Up until about a year ago, my Twitter feed was married to my Facebook feed. Whenever I tweeted, It would show up on my Facebook wall. On the former, I’d get quick replies from randoms, on the latter, I’d actually have fruitful conversations with friends. It makes sense: if you’re gonna post something, why do it twice? Eventually I fell out of favor with Twitter’s lowering signal-to-noise ratio and uncoupled the two, leaving me to direct specific topics in either direction. So far, the experiment has been fantastic. I post a lot more content exclusively to Facebook and I feel I’m really taking advantage of both feeds for their respective purposes. But as I start to use Facebook more fruitfully, I look at my counterparts across the web and wonder, not really at why they don’t post more exclusively to Facebook, but why they fail to use Facebook to any of its potential.
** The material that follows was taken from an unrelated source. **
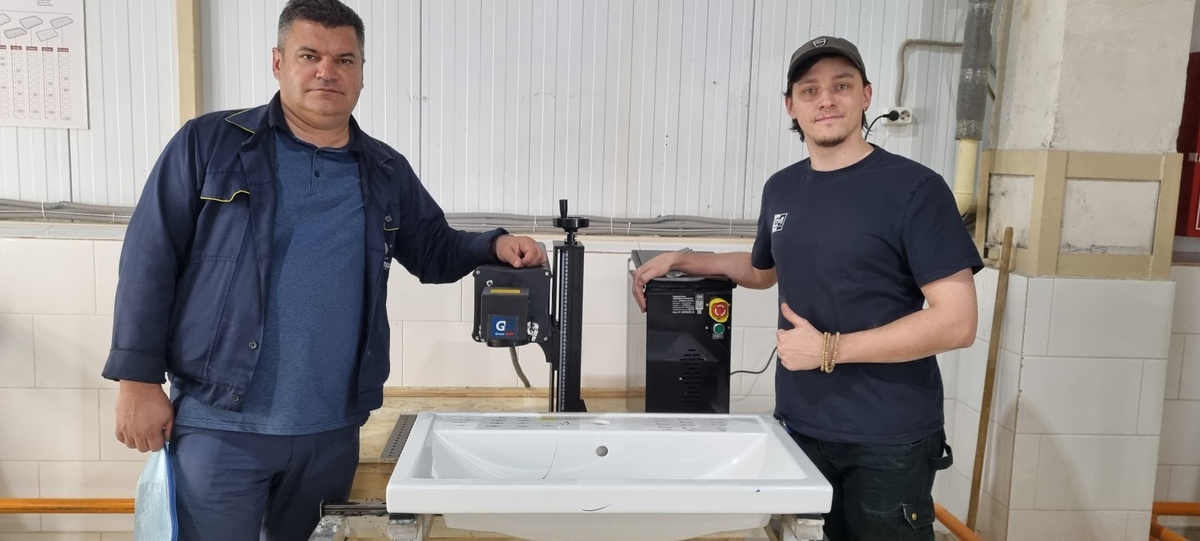 Лазерный комлекс для маркировки G-MARK на заводе по производству санитарных керамических изделий, керамической плитки и керамогранита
But maybe I’m just not getting the full picture. In the days before Subscriptions, the ability for Facebook users to enter into one-way relationships with followers, in much the same way Twitter works, the idea of becoming a friend with someone like Giant Bomb’s Jeff Gerstmann or The Verge’s Joshua Topolsky was networking. You get to know the people beyond the image they build on their respective website and maybe they get to know you a little bit. You can have genuine conversations with them in a way that wasn’t possible in the days of bulletin boards. But far too many use their Facebook like I once did: as an extra plank to their feeds from elsewhere. They start a Facebook page, link their Twitter or Google+ activity to it, and then never return. So why even bother?
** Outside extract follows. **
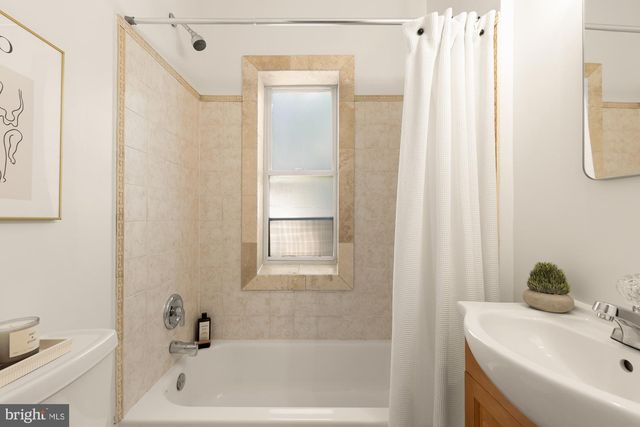 427 R ST NW, Washington, DC 20001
My argument isn’t that people shouldn’t have home bases elsewhere. Some of these journalists and pseudo-celebrities are far more familiar with other networks and, for the sake of time and energy, prefer not to curate exclusive content for each network. It makes a lot of sense. What doesn’t make sense is in creating a full online persona on the world’s largest social network and then sending content there, never to interact with the upwards of thousands of subscribers that pay attention to it. Then, many of these journalists swing around on their web sites and claim to speak authoritatively on how Facebook works and operates as part of their full-time job. In my position here, I already have an opinion on Google+, I don’t need to demonstrate to my followers there that I pretend to care by replicating my content there.